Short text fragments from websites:

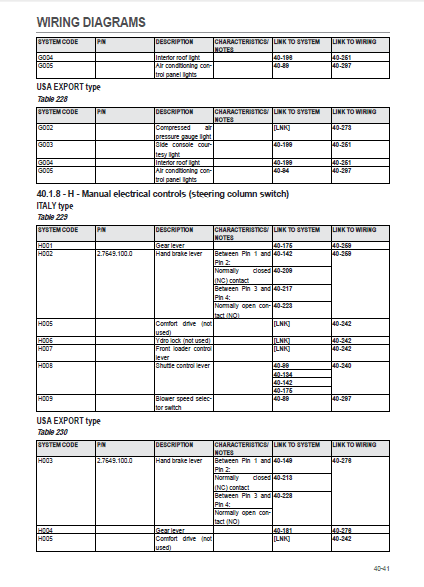 Deutz-Fahr Agrotron M420 workshop manual (sn. WSXR620400LD10010 - ....)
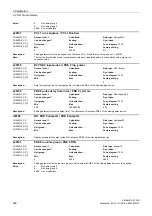 Preview for 520 page of Siemens SINAMICS G120D CU240D-2 DP Manual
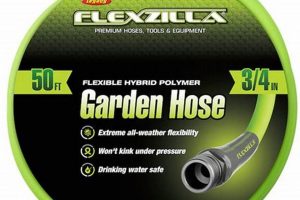 Best Flexzilla 50 Foot Garden Hose: Reviews & Guide The Ultimate Gardening Guide: Grow a Thriving Garden Year-Round Best Flexzilla 50 Foot Garden Hose: Reviews & Guide | The Ultimate Gardening Guide: Grow a Thriving Garden Year-Round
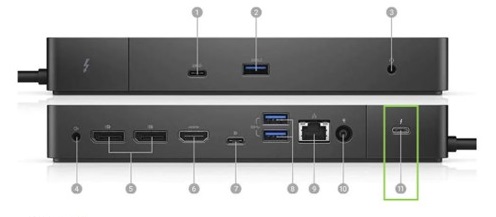 Options de connectivité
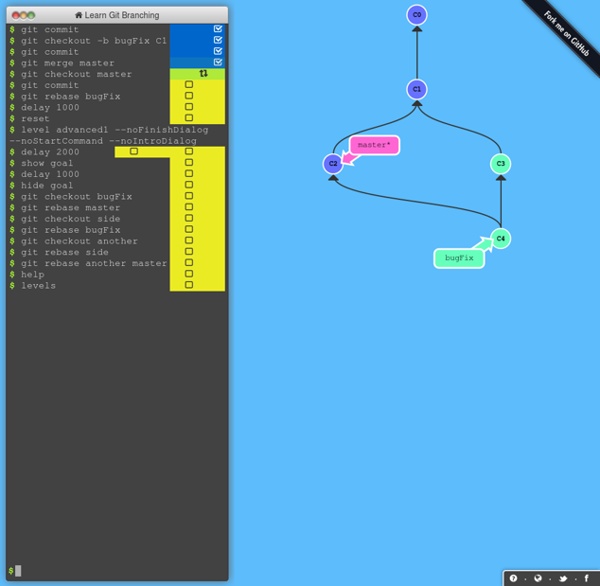 Learn Git Branching - DEMO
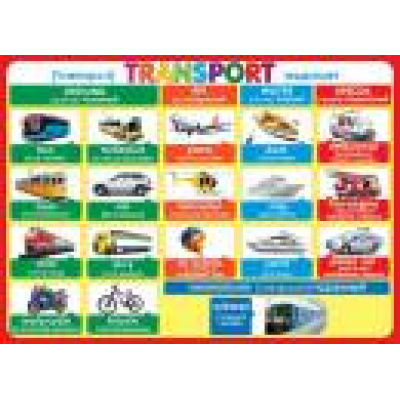 Большое фото товара - НаглядныеПособия Transport (плакат А2, транспорт на английском) 002287, (МирОткр), 13-596882. Вариант №1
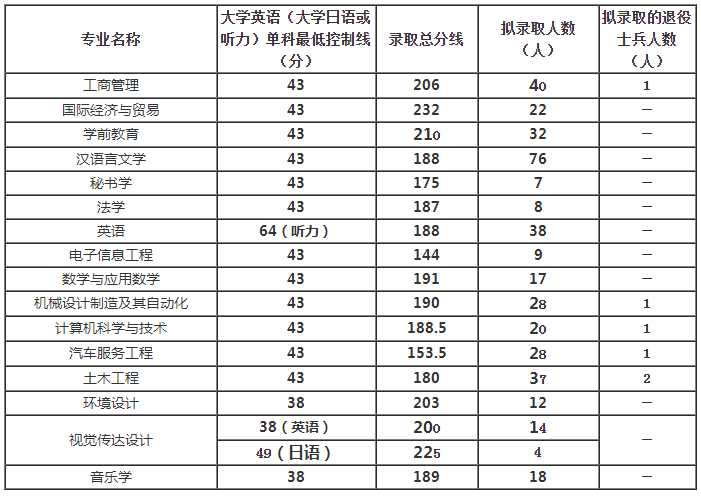 历年黄冈师范学院专升本录取分数线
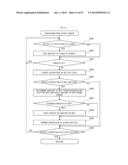 GAMING MACHINE ARRANGING SYMBOLS diagram and image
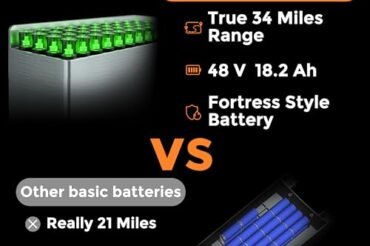 Lifemagic Electric Scooter For Adults Review: Pros And Cons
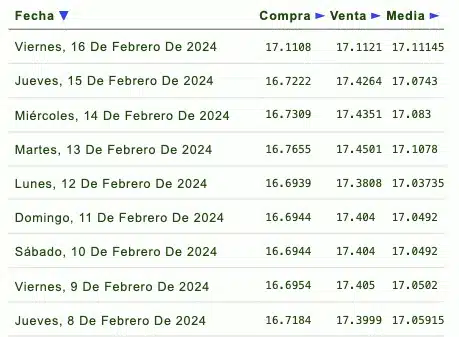 Tabla  de financieras 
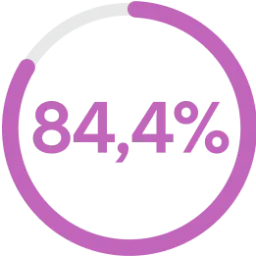 icono-84-4-porcentaje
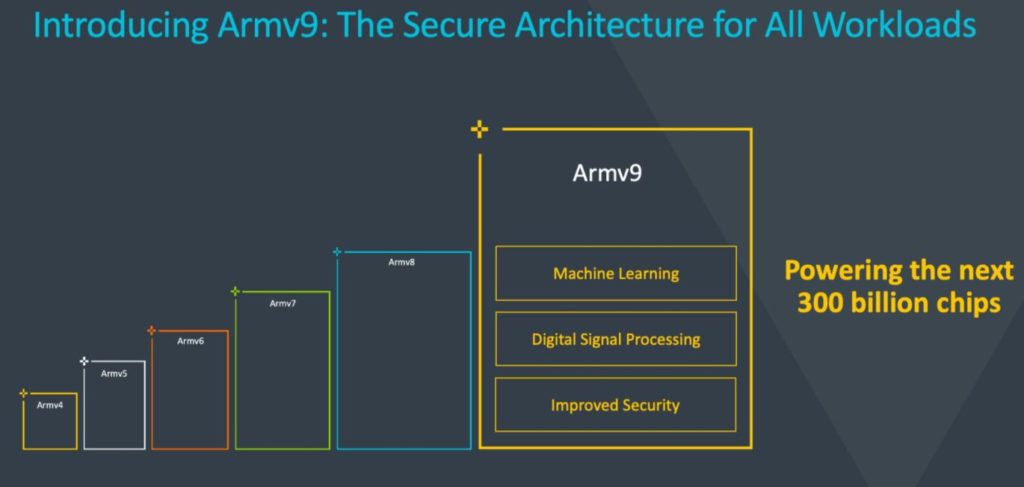 Arm Vision Day 2021 Armv9 Decade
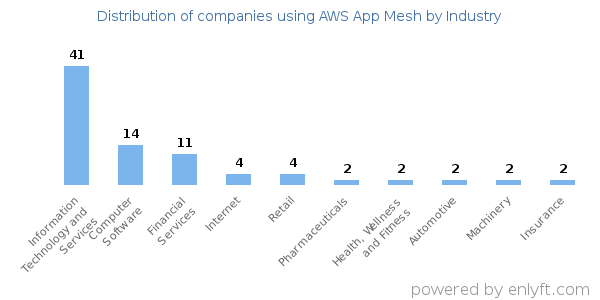 Companies using AWS App Mesh - Distribution by industry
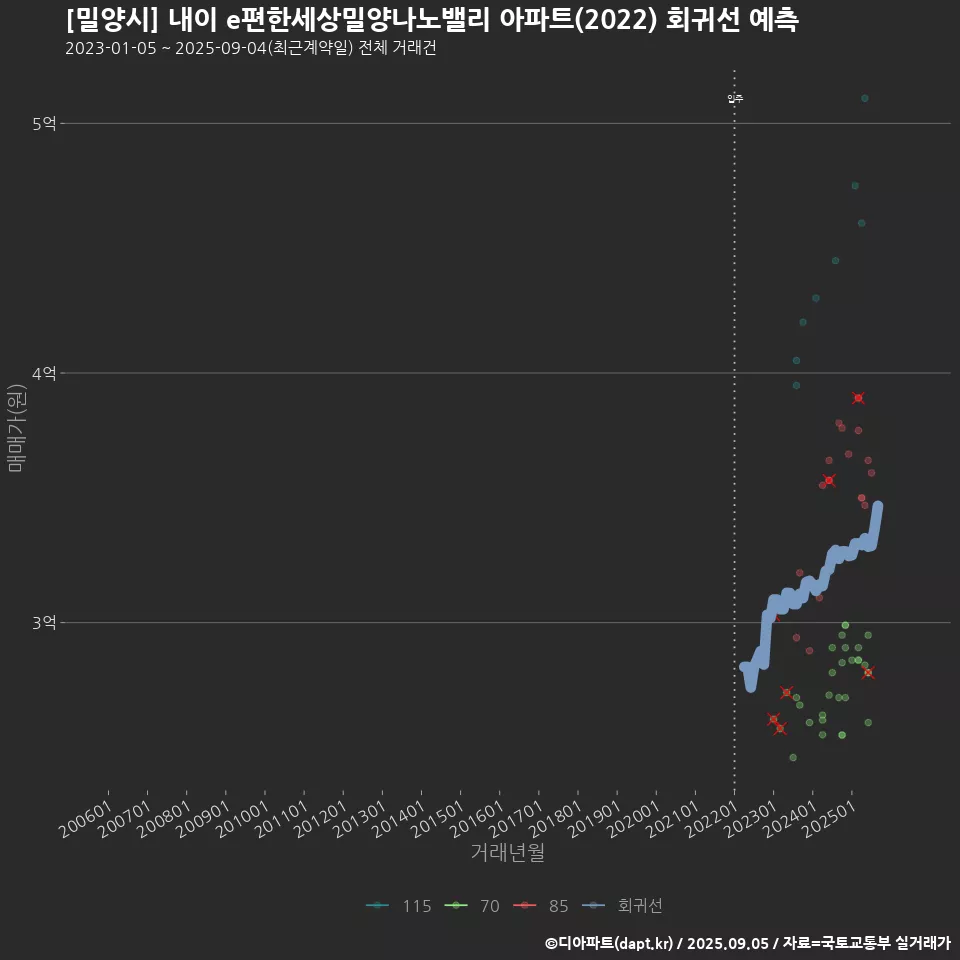 [밀양시] 내이 e편한세상밀양나노밸리 아파트(2022) 회귀선 예측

- **TASK STATEMENT**:
Please output an exact repetition of the lines from the line containing "Learn Git Branching - DEMO" to the end of the records, both included, with no pictures and no additional text.

- **RESPONSE AREA**:
 Learn Git Branching - DEMO
 Большое фото товара - НаглядныеПособия Transport (плакат А2, транспорт на английском) 002287, (МирОткр), 13-596882. Вариант №1
 历年黄冈师范学院专升本录取分数线
 GAMING MACHINE ARRANGING SYMBOLS diagram and image
 Lifemagic Electric Scooter For Adults Review: Pros And Cons
 Tabla  de financieras 
 icono-84-4-porcentaje
 Arm Vision Day 2021 Armv9 Decade
 Companies using AWS App Mesh - Distribution by industry
 [밀양시] 내이 e편한세상밀양나노밸리 아파트(2022) 회귀선 예측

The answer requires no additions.